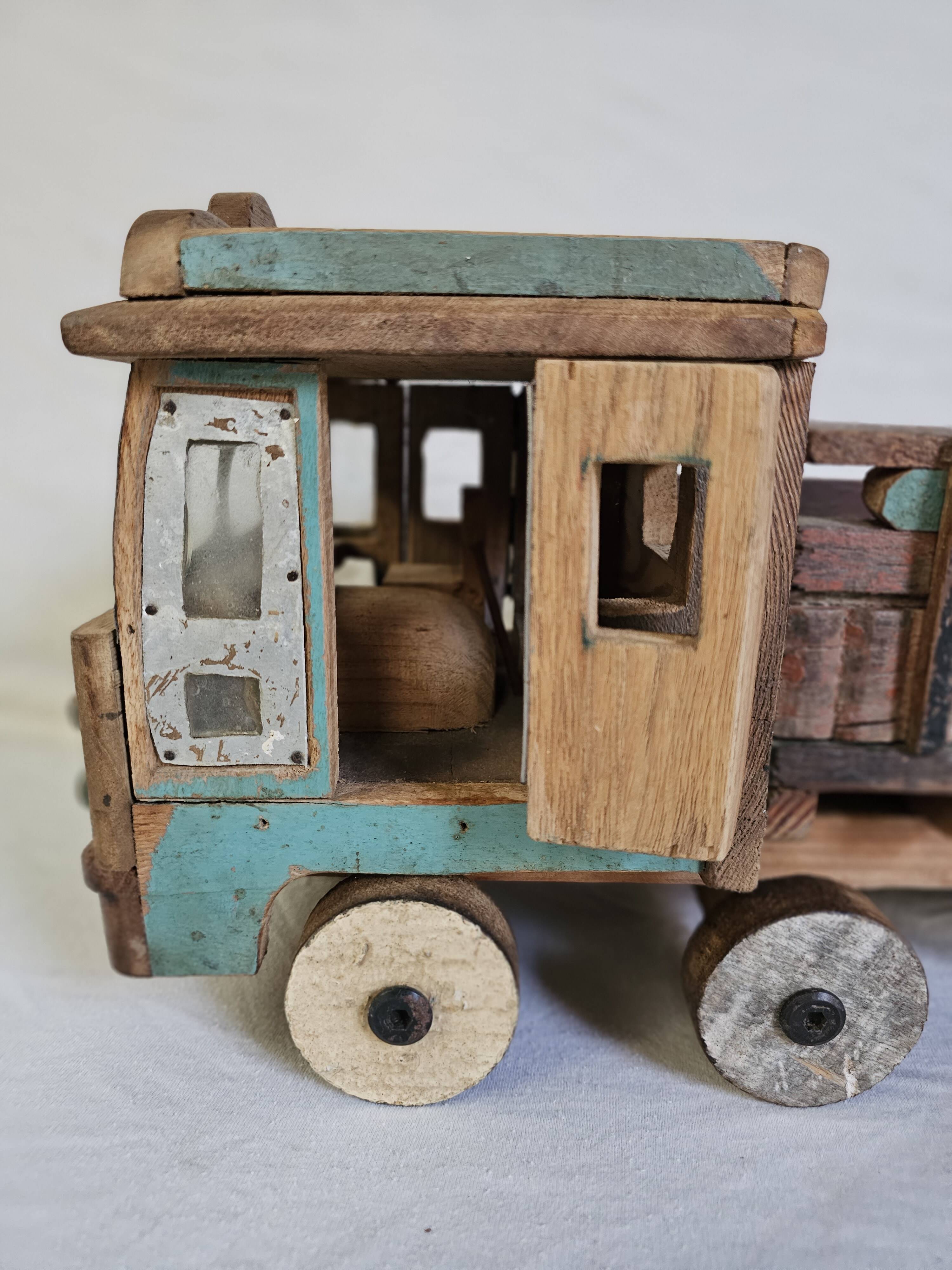 Indian tata truck handmade in polychrome wood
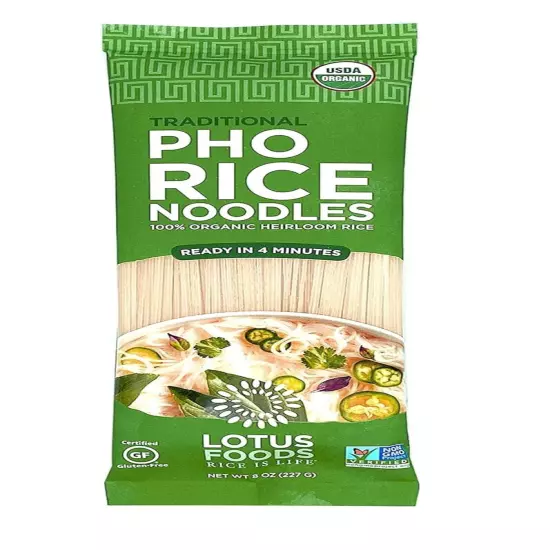 Lotus Foods Organic Traditional Pho Rice Noodles, 8 Ounce (Pack of 8) 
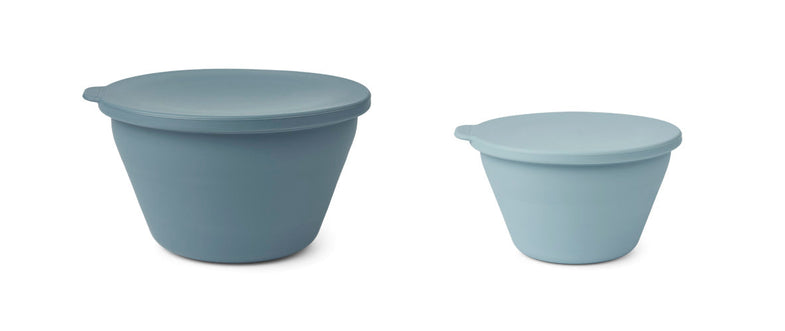 Liewood Dale Foldable Bowl Set 2 | Sea Blue /Whale Blue Mix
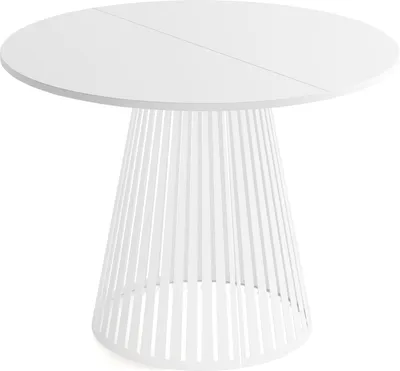 Obrázok produktu pre Okrúhly rozkladací jedálenský stôl s lamelami v štýle loft - 100 až 180 cm - Priemyselný stôl s bielymi kovovými nohami, šetrí miesto v obývačke alebo jedálni - Biely
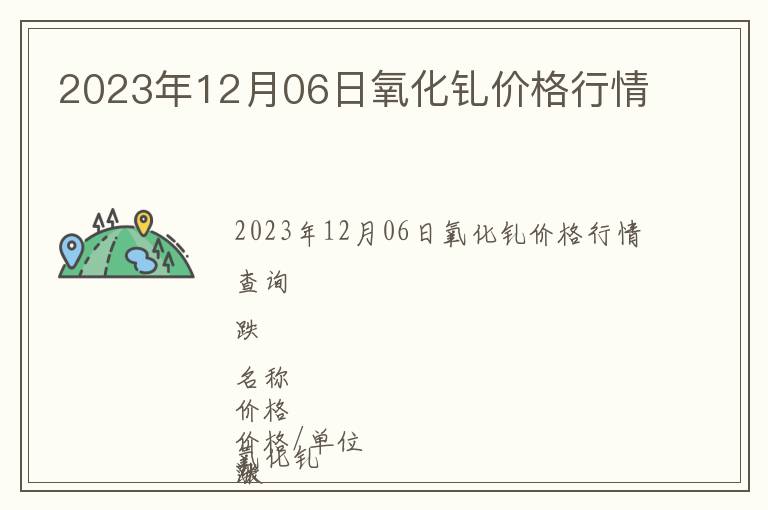 2023年12月06日氧化釓價格行情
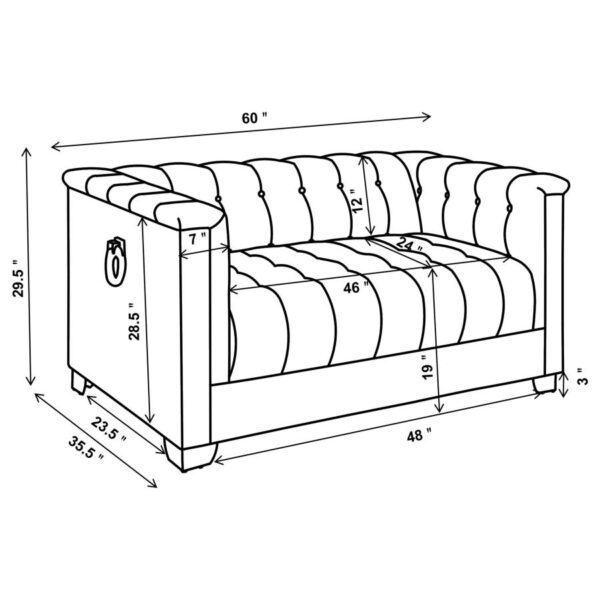 Chaviano Tufted Upholstered Loveseat Pearl White 505392 by Coaster Furniture 16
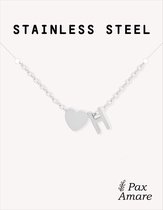 Collier Lettre H Couleur Argenté - Acier Inoxydable - Pendentif Initiale & Coeur - Collier Initiales sur Carte Cadeau - Pax Amare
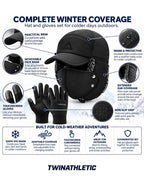 Winter Pilot Hat, Face Mask & Touchscreen Gloves Set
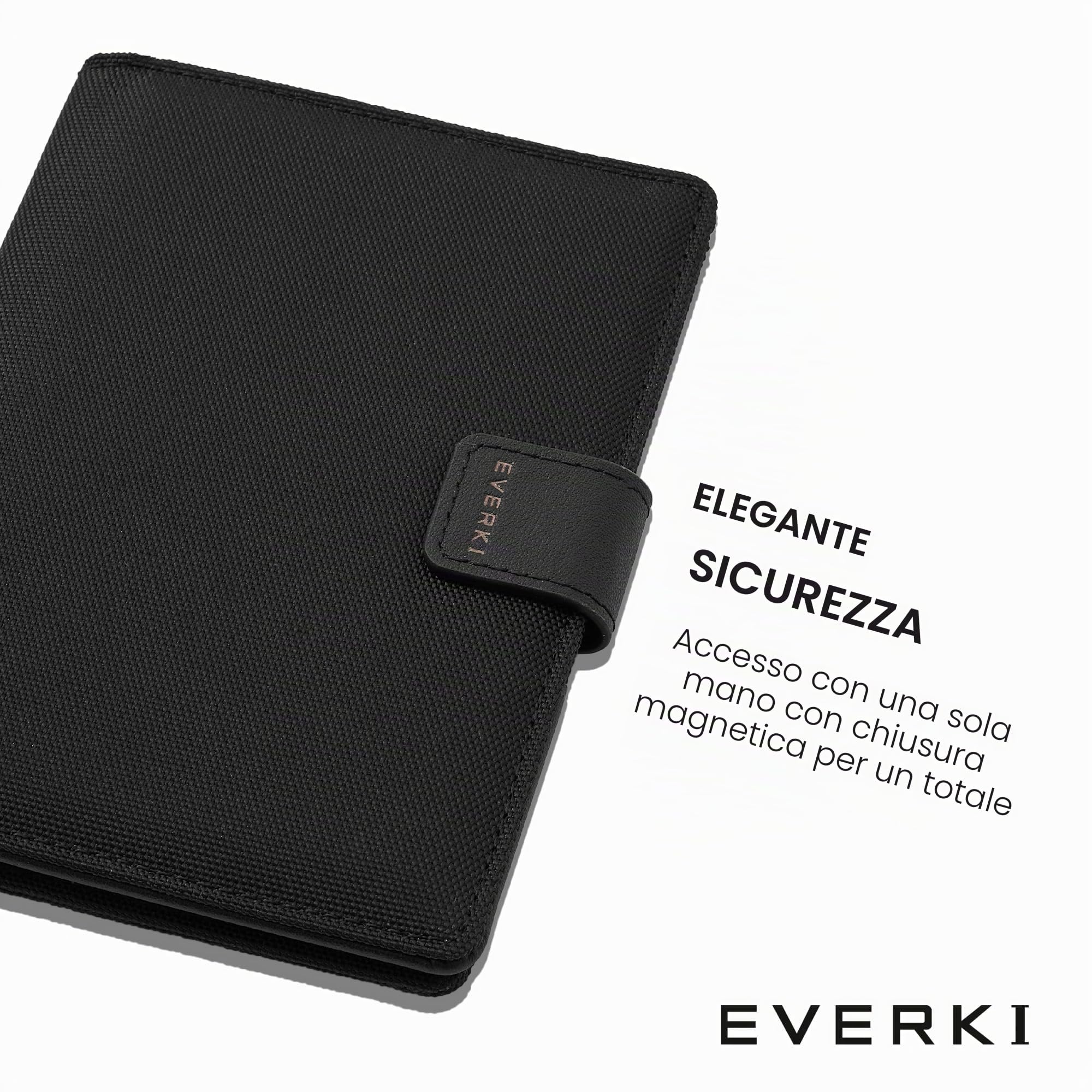 Everki porta passaporto RFID – custodia sottile anti-RFID per viaggio, copertura protettiva per passaporto, accessorio da viaggio donna/uomo – Nero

::::::::

• [Your assignment]: An exact copy of the lines from the one with "Chaviano Tufted Upholstered" through the end of the entries above, both included, is the whole answer. It contains no pictures.

• [Solution]:
 Chaviano Tufted Upholstered Loveseat Pearl White 505392 by Coaster Furniture 16
 Collier Lettre H Couleur Argenté - Acier Inoxydable - Pendentif Initiale & Coeur - Collier Initiales sur Carte Cadeau - Pax Amare
 Winter Pilot Hat, Face Mask & Touchscreen Gloves Set
 Everki porta passaporto RFID – custodia sottile anti-RFID per viaggio, copertura protettiva per passaporto, accessorio da viaggio donna/uomo – Nero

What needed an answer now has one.